Empty Nesting--It's Pretty Good

One summer night around 11:30 pm one of my daughters called me on her cell phone. She was nineteen at the time. She whispered with her hand partially covering the speaker: Mom. I am going to be a little late. I am stuck in John’s (not his real name) attic with a few random people.
Remaining calm I asked—How and why are you stuck in John’s attic? I knew she had planned to be at John’s house---I dropped her off myself. She and a few college friends were in his backyard hanging out. When you are under 21 there is not a whole lot else you can do on a Saturday night. And while the parents were not home, this was not a rager by any means.
She said the neighbors called the cops and when we saw the cop cars pull up we ran into the house--but then the cops came into the house to investigate. So we ran upstairs and someone pulled the attic steps down so we could go up there and hide.
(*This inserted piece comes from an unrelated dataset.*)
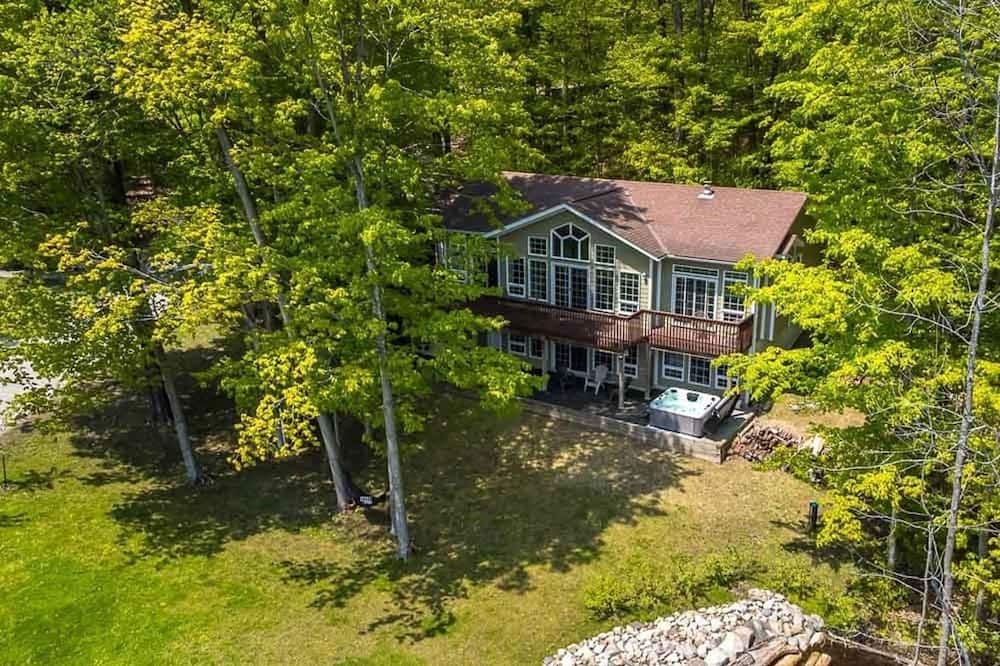 Photo of Outdoor in Lafontaine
The cops didn’t look up here, but now they are camped out in front of the house and we can’t leave until they do.
And I thought Gee this story sounds awfully familiar. Oh yeah it sounds like the diary of Ann Frank. Yes Ann Frank was stuck in the attic with some random people when she was hiding from the Nazi’s.
People worry about what life will be life when the nest is empty. They anticipate being lonely. They are concerned about all the free time that can now be shared with their spouse. They fear the alone-time. They fear that life will become dull.
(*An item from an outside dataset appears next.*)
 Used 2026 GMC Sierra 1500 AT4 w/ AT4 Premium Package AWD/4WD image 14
I assure you all that worry is for nothing. Because while yes, you miss the company of your children—you only miss their company during the daylight hours. You do not miss parenting them once the sun sets.
There is something really wonderful about going out with your husband on a Saturday night and not checking your cell phone every ten minutes for text messages. And it is more wonderful still when you get home after dinner and you may lock the door with full knowledge that you do not have to go out again.
Because worrying that the Nazi’s will jail your college age child is not fun. And picking them up after the Nazi’s have left their stakeout is counterintuitive to what you have been taught as a parent. You realize that the policeman is not your friend or theirs—and it is best not to learn it the hard way.
And while all this parenting nonsense is somewhat suspenseful and exhilarating—I prefer the peace of my empty nest--even if my nest is a little bit dull yet very very neat. I prefer a quiet dinner with no worries. I prefer chasing my dogs to chasing after exiled children.